▸ **Task**: Locate the line containing "I will make" in the entries below, then retype it and every later line exactly, leaving out pictures.

▸ **Data supplied**:

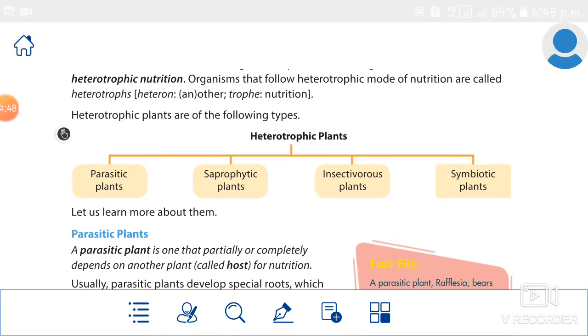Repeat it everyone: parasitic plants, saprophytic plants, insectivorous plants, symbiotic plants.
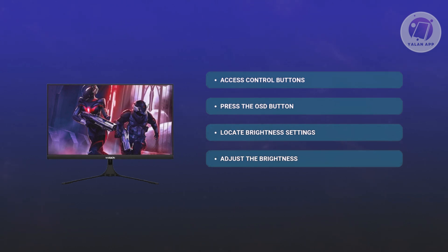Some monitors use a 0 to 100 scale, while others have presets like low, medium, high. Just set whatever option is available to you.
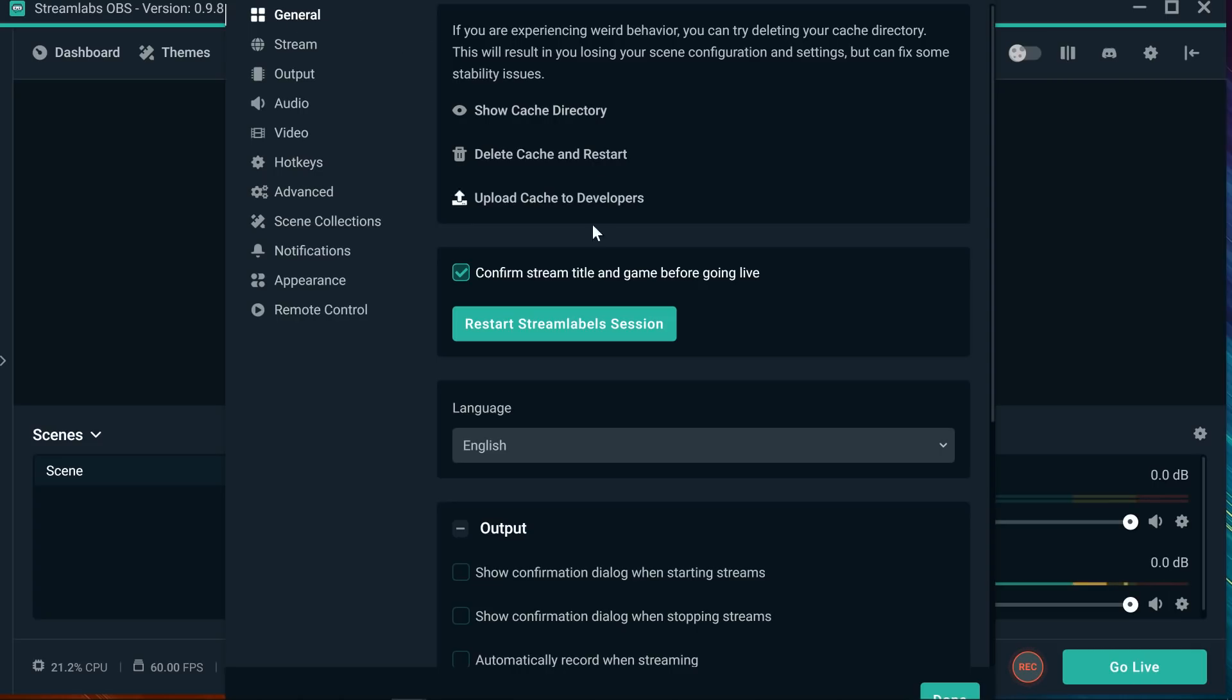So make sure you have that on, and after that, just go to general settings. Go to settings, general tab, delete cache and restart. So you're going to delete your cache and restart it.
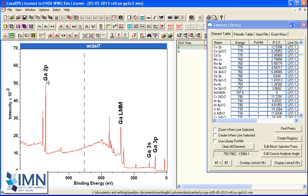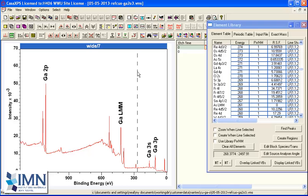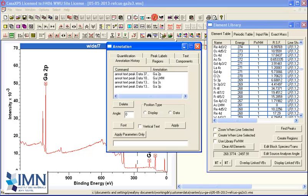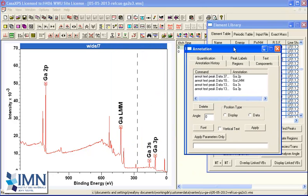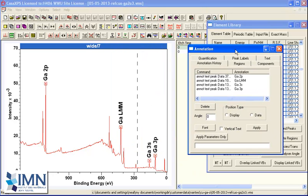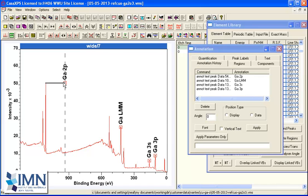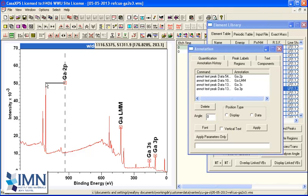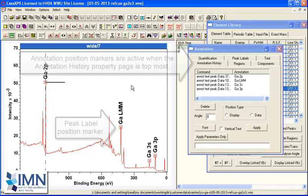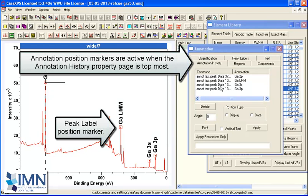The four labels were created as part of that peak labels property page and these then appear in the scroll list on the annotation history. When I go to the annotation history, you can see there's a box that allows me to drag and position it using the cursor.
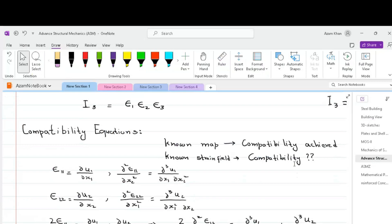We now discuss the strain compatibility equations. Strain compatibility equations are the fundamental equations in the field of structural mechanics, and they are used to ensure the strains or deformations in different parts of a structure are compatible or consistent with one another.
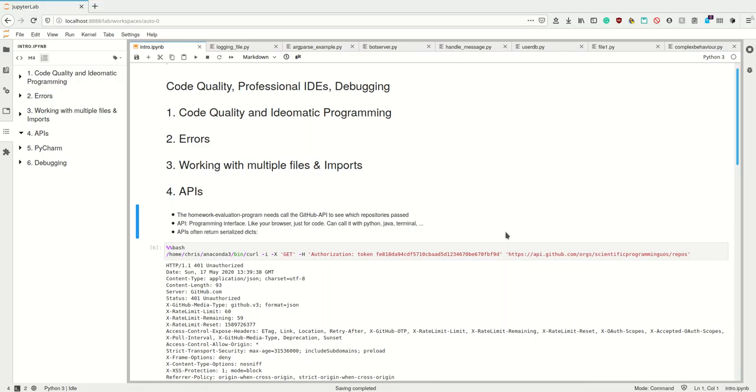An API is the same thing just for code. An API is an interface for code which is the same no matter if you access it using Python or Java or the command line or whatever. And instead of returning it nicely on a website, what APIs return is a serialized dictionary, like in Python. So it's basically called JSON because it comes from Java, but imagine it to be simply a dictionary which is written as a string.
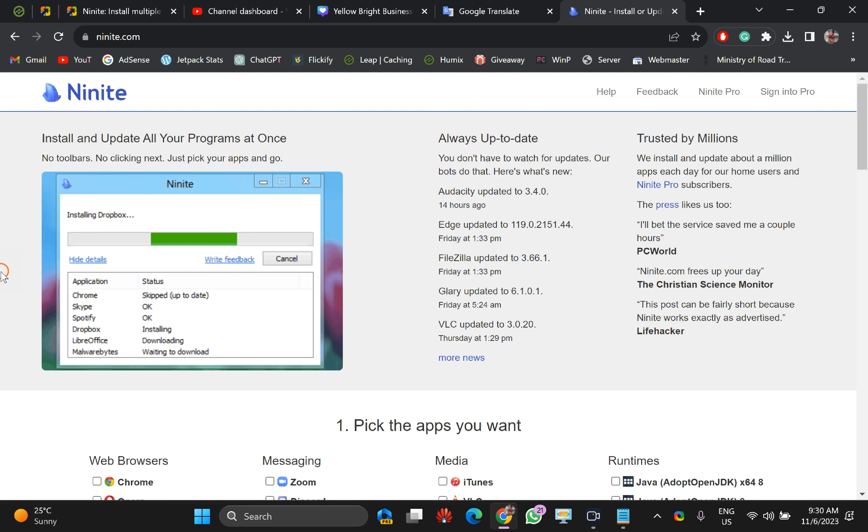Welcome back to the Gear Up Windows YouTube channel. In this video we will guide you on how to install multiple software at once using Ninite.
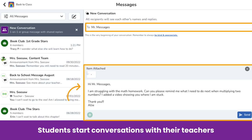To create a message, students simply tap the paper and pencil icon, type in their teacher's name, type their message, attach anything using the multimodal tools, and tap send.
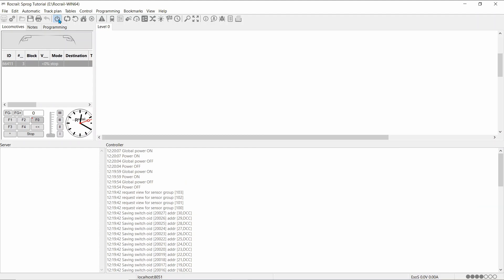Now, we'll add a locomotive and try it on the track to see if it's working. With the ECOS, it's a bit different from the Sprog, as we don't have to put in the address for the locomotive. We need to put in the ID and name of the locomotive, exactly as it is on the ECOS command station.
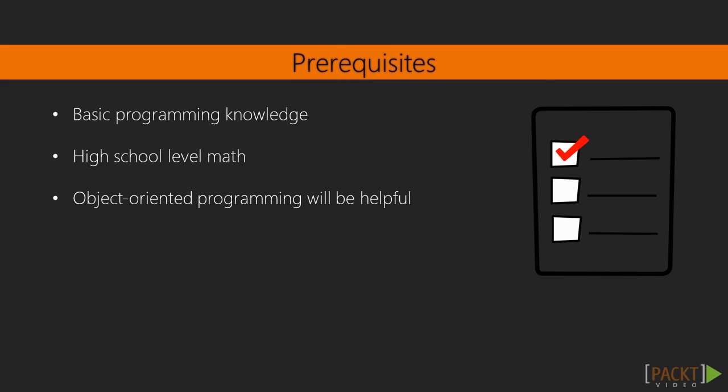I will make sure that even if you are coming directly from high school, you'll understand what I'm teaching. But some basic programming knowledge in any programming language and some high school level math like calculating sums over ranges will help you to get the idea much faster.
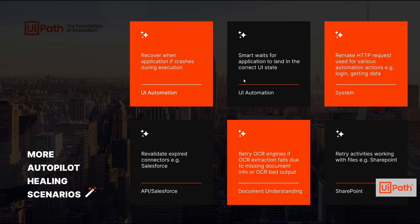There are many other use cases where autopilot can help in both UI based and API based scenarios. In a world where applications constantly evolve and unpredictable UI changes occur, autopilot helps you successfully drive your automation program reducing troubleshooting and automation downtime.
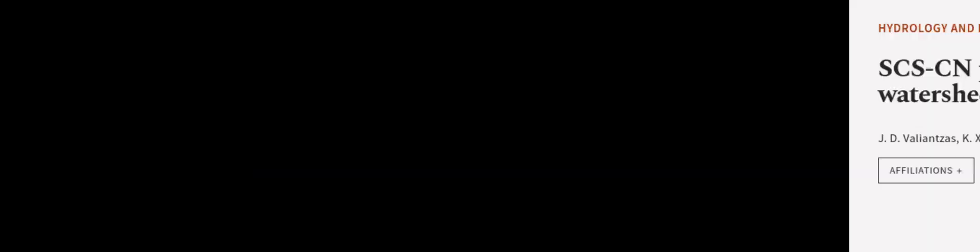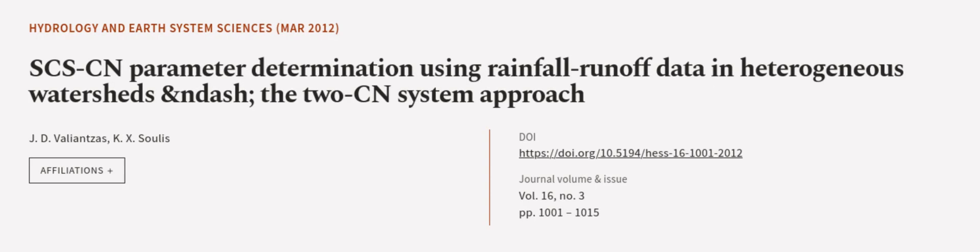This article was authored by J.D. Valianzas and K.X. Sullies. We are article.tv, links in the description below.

▸ **Answer section**:
I will make sure that even if you are coming directly from high school, you'll understand what I'm teaching. But some basic programming knowledge in any programming language and some high school level math like calculating sums over ranges will help you to get the idea much faster.
There are many other use cases where autopilot can help in both UI based and API based scenarios. In a world where applications constantly evolve and unpredictable UI changes occur, autopilot helps you successfully drive your automation program reducing troubleshooting and automation downtime.
This article was authored by J.D. Valianzas and K.X. Sullies. We are article.tv, links in the description below.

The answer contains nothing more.